Shadow of the train on top of the bridge on the moutainside. The bridge is an arch -- the whole project was completed back in 1921 in the unbelievable time frame of 60 days, start to finish.
At are rare stop, we got some photos for Shibby's Alaska scrapbook.
Pretty little river, pity we didn't stop for a bit longer.
I think Fireweed is going to mean Alaska summer to me from now on. Since this is my first summer in Alaska, I didn't realize how short a season it would be for this plant. It comes with the warmth of summer, and in the long Alaska days, it feels like summer is going to last forever. But it doesn't. It's just a few weeks later that you start to spot yellow leaves, and then the fireweed dies, and winter comes. But I didn't know that when I took another picture of Alaska framed by my favorite purple weed.
I did find a few other tiny wildflowers.
But soon we were on our way back to Talkeetna. I was determined to catch a picture of Curry on the way back. We passed it so quickly on the way out that I missed it. And it wasn't until they started talking about the history along the train line that I learned what Curry was.

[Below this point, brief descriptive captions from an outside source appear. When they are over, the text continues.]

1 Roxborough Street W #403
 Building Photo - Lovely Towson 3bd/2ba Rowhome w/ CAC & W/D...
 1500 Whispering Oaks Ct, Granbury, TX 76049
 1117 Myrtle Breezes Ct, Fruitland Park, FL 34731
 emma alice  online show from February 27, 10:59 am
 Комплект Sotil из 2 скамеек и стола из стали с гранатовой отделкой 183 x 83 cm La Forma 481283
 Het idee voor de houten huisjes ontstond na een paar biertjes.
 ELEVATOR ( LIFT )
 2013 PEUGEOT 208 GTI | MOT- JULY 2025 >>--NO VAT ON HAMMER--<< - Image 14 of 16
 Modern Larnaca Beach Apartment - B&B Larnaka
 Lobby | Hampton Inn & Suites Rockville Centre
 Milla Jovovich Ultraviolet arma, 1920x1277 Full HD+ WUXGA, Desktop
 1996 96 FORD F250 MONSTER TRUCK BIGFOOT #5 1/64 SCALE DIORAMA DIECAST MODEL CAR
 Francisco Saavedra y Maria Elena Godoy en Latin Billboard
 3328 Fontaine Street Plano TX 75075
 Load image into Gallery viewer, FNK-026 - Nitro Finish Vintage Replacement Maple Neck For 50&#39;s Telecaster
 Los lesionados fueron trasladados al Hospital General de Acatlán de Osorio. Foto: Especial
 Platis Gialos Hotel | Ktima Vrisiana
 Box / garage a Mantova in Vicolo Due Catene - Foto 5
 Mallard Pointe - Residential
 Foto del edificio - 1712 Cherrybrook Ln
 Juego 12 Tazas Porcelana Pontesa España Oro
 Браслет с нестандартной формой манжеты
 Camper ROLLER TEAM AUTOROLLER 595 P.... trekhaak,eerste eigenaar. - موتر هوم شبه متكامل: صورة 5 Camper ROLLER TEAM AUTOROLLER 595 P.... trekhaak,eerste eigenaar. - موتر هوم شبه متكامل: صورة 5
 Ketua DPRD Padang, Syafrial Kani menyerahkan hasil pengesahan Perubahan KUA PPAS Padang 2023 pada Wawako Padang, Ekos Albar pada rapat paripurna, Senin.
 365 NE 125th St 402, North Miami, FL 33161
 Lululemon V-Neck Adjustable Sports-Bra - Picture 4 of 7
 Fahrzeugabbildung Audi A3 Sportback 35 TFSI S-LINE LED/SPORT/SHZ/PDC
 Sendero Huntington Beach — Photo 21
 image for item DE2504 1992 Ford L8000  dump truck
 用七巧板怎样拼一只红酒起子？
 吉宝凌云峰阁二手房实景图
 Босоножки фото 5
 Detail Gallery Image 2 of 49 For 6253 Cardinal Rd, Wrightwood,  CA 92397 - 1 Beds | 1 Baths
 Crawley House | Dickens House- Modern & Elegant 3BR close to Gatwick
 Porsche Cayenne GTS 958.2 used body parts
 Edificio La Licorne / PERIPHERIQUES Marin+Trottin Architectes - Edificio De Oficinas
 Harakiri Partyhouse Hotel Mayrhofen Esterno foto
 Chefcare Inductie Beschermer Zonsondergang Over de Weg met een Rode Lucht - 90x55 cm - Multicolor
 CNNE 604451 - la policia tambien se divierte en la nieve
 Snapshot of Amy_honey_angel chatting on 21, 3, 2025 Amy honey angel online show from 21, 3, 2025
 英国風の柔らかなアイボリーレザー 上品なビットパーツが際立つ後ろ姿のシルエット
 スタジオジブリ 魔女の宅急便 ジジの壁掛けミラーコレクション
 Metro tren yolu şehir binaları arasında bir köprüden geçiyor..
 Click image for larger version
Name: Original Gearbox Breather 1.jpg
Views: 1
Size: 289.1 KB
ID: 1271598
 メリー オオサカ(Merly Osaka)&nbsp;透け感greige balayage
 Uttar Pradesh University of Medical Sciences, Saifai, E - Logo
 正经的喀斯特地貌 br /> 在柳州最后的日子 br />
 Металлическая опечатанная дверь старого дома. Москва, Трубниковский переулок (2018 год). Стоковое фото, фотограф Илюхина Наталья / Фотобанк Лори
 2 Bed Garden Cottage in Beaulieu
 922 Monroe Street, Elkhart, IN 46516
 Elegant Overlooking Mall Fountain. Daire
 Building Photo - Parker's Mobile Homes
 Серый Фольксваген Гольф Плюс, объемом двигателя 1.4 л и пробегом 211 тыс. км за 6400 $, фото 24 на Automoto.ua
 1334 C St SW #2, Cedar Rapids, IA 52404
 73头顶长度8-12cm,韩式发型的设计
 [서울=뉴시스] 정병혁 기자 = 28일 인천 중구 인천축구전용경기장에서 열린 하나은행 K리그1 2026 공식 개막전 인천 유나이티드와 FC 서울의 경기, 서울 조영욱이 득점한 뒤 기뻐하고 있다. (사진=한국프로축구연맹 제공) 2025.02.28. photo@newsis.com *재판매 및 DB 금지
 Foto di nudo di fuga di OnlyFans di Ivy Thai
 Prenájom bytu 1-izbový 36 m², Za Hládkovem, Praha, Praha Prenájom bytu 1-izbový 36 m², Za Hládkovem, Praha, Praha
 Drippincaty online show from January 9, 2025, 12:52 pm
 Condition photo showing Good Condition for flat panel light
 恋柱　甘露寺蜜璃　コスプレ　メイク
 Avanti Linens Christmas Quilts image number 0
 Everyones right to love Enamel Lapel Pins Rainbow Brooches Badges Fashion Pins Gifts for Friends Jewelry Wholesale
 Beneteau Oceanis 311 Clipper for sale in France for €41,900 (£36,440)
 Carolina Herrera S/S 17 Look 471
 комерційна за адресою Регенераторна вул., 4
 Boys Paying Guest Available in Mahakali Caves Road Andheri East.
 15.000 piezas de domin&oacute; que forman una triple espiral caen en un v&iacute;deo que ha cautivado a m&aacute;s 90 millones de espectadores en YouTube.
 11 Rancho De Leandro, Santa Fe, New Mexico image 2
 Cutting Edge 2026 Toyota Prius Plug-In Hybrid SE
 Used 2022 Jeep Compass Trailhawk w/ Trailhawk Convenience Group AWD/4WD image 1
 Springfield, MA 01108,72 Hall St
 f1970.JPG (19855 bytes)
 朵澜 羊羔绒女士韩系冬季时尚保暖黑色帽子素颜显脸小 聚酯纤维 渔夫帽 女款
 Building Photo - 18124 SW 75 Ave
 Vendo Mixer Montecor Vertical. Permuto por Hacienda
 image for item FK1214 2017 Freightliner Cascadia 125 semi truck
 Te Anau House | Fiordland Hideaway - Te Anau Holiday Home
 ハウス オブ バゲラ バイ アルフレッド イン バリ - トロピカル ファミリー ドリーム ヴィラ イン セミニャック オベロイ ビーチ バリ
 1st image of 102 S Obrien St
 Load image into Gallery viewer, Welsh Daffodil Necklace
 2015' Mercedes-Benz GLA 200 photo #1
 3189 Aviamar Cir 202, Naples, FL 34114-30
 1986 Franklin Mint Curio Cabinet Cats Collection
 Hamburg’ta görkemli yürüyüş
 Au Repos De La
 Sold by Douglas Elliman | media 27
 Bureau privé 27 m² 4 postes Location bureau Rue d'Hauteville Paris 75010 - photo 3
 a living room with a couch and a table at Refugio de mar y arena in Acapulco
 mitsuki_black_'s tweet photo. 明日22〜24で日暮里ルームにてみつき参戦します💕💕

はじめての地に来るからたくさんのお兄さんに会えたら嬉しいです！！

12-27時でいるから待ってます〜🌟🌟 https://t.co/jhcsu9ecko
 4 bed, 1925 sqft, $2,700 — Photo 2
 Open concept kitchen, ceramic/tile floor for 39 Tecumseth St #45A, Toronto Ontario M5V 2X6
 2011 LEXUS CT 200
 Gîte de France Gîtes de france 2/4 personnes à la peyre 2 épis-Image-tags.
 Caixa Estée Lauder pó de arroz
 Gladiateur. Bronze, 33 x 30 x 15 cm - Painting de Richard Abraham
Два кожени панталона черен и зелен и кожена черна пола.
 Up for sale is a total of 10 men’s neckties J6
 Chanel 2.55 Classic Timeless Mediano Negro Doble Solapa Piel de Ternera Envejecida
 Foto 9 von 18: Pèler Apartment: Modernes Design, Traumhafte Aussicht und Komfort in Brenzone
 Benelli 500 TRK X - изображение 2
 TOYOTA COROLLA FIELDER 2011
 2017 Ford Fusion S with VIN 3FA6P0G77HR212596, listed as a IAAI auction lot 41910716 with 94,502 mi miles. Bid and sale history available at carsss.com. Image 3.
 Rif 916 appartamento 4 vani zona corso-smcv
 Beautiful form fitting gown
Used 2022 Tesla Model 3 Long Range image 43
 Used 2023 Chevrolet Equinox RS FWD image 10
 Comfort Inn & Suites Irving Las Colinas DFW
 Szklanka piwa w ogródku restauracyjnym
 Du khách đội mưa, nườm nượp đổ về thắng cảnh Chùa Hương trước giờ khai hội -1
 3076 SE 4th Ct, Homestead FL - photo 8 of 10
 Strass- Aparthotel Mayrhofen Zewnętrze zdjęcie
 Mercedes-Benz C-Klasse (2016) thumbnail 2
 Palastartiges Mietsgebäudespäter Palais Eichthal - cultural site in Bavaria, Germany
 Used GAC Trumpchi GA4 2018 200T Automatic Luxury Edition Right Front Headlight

Zooming very quickly past the Curry trainstop. Population of Curry now...0 it seems.
There it is! Curry Alaska. This story was probably the most interesting one for me on the train. I was dismayed when I tried to find it on Wikipedia and found no mention of it, so I had to do my own research and make my first Wiki entry and make sure the story got its rightful place in the archives of the internet.
The old townsite of Curry is now an uninhabited stop along the Alaska Railroad, about 22 miles north of Talkeetna. In 1922, this remote train station in the Alaska wilderness became a briefly popular luxury resort destination. Located halfway between Seward and Fairbanks and alongside the Sustina River, Curry was billed "a wilderness palace' when the Railroad opened the first hotel in 1923. Curry was the perfect overnight stop for rail passengers, and with the hotel and renowned fishing, became a destination spot of its own. The little town blossomed, and the resort became more popular as it expanded to include a golf course, a suspension bridge, and boasted magnificent views of Mount Denali.
Curry was plagued by a series of unfortunate events leading to its ultimate demise. A fire in 1926 destroyed the engine house and power plant. The engine house was again destroyed by fire in 1933. The construction of a larger hotel in Denali National Park in 1939 drew visitors away from Curry, but the Railroad continued investing in the town, housing employees there in 1945. Disaster came again in the way of a boiler explosion in 1946, completely destroying the power plant. Curry rebuilt, and added a ski area, which would be popular for years to come. The final disaster, however, was a fire in April 1957, in which fire burned down the town's lifeblood, the 75 room hotel. Three people were killed in the blaze. The hotel was never rebuilt, and Curry faded away.
Today you can get off and explore the site on the Alaska Railroad's Hurricane Train, or take one of the rafting expeditions from Talkeetna that go up the Sustina River.
It seems hard to imagine this little spot as a thriving resort, but it's also true that one cannot tell what the woods open up to beyond the train. At the very least, it seems like there is an area worth exploring beyond that train stop....but I think I might want to go with a group of several people. It's pretty remote. I would be less excited about seeing a bear once the train pulled away, that's for sure.
A little white later we passed this train stop sign, indicating more hiking paths. And an answer to the age old question that every stumped every Canadian kid for the past 40 years..."Can you tell me how to get to Sesame Street?" Not a bad way to finish off the train ride.